REQUIRED WORK:
After locating the line that contains "Conjunto armários de" in the records below, write out exactly that line and each line after it through the one that contains "Chic Mid Waist Dark Blue Denim Skirt", and nothing else.

DATA EXCERPTS:
*** Begin section ***
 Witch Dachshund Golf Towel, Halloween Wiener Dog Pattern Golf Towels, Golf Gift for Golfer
*** End section ***
*** Begin section ***
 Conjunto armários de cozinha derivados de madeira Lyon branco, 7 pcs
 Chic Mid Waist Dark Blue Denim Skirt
*** End section ***
ANSWER TO THIS TASK:
 Conjunto armários de cozinha derivados de madeira Lyon branco, 7 pcs
 Chic Mid Waist Dark Blue Denim Skirt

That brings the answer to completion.